E. 15.—This Council was called by Constantius II. in the semi-Arian interest, and not allowed to break up till after repudiating the Nicene formula. But the lapse was only for a moment. Before the decade was out Athanasius could write of Britain as notoriously orthodox, and before the century closes we have frequent references to our island as a fully Christian and Catholic land. Chrysostom speaks of its churches and its altars and “the power of the Word” in its pulpits, of its diligent study of Scripture and Catholic doctrine, of its acceptance of Catholic discipline, of its use of Catholic formulae: “Whithersoever thou goest,” he says, “throughout the whole world, be it to India, to Africa, or to Britain, thou wilt find In the beginning was the Word." Jerome, in turn, tells of British pilgrimages to Jerusalem and to Rome; and, in his famous passage on the world-wide Communion of the Roman See, mentions Britain by name: “Nec altera Romanae Urbis Ecclesia, altera totius orbis existimanda est. Et Galliae, et Britanniae, et Africa, et Persis, et Oriens, et Indio, et omnes barbarae nationes, unum Christum adorant, unam observant regulam veritatis."
["Neither is the Church of the City of Rome to be held one, and that of the whole world another. Both Gaul and Britain and Africa and Persia and the East and India, and all the barbarian nations, adore one Christ, observe one Rule of Truth.”]
—Beatus—Heresiarchs—Pelagius Fastidius—Pelagianism stamped out by Germanus—The Alleluia Battle—Romano-British churches—Why so seldom found—Conclusion.
F. 1.—The fruits of all this vigorous Christian life soon showed themselves in the Church of Britain by the evolution of noteworthy individual Christians. First in order comes Ninias, the Apostle of the Southern Picts, commissioned to the work, after years of training at Rome, by Pope Siricius (A.D. 394), and fired by the example of St. Martin, the great prelate of Gaul. To this saint (or, to speak more exactly, under his invocation) Ninias, on hearing of his death in A.D. 400, dedicated his newly-built church at Whithern in Galloway, the earliest recorded example of this kind of dedication in Britain. Galloway may have been the native home of Ninias, and was certainly the head-quarters of his ministry.
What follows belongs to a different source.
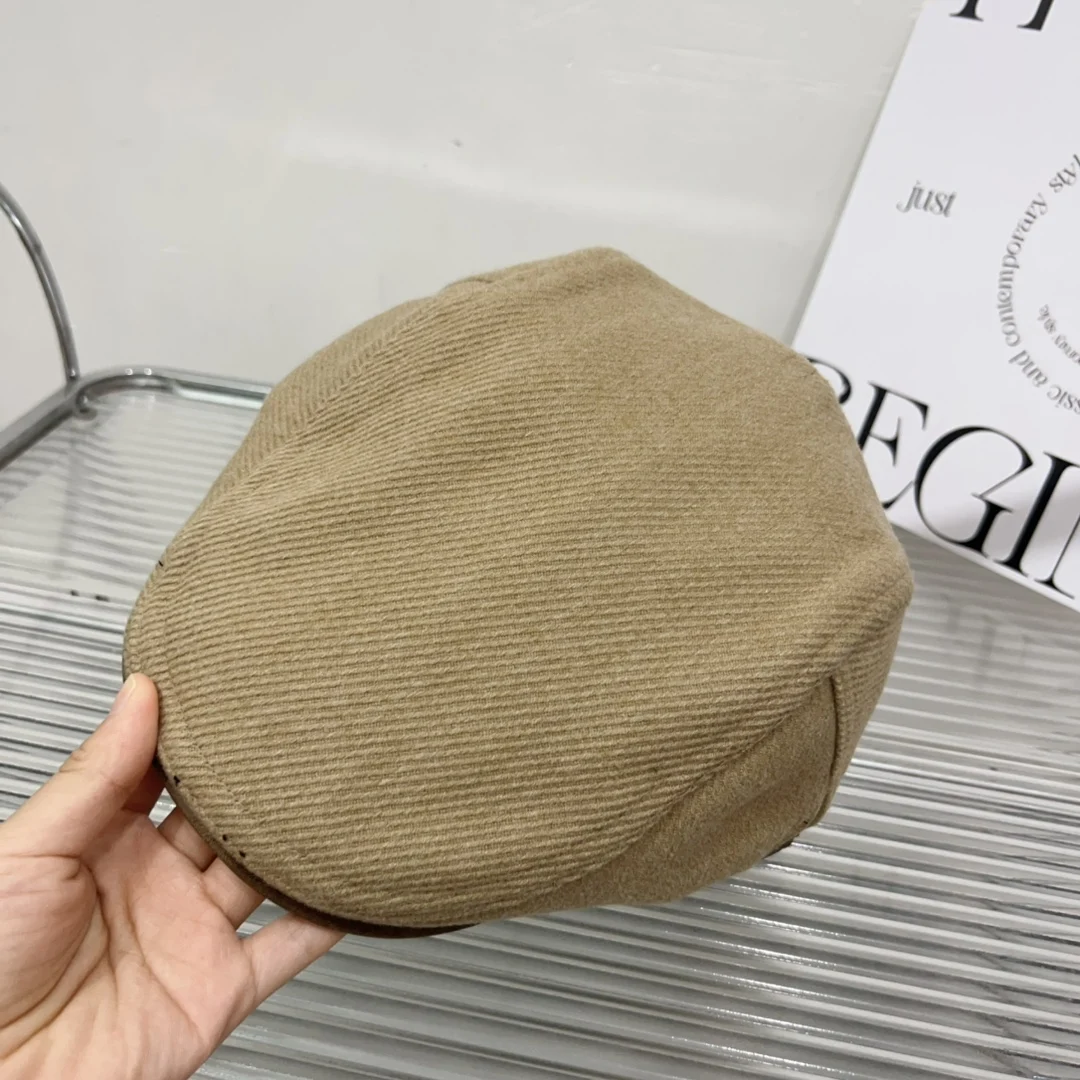 Autumn Winter Warm Woolen Forward Hat women's Versatile Solid Color Texture Short Eave Duckbill Hat Versatile 4m774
F. 2.—The work of Ninias amongst the Picts was followed in the next generation by the more abiding work of St. Patrick amongst the Scots of Ireland. Nay, even the Continent was indebted to British piety; though few British visitors to the Swiss Oberland remember that the Christianity they see around them is due to the zeal of a British Mission. Yet there seems no solid reason for doubting that so it is. Somewhere about the time of St. Patrick, two British priests, Beatus and Justus, entered the district by the Brunig Pass, and set up their first church at Einigen, near Thun. There Justus abode as the settled Missioner of the neighbourhood, while Beatus made his home in the ivy-clad cave above the lake which still bears his name, sailing up and down with the Gospel message, and evangelizing the valleys and uplands now so familiar to his fellow-countrymen—Grindelwald, Lauterbrunnen, Muerren, Kandersteg.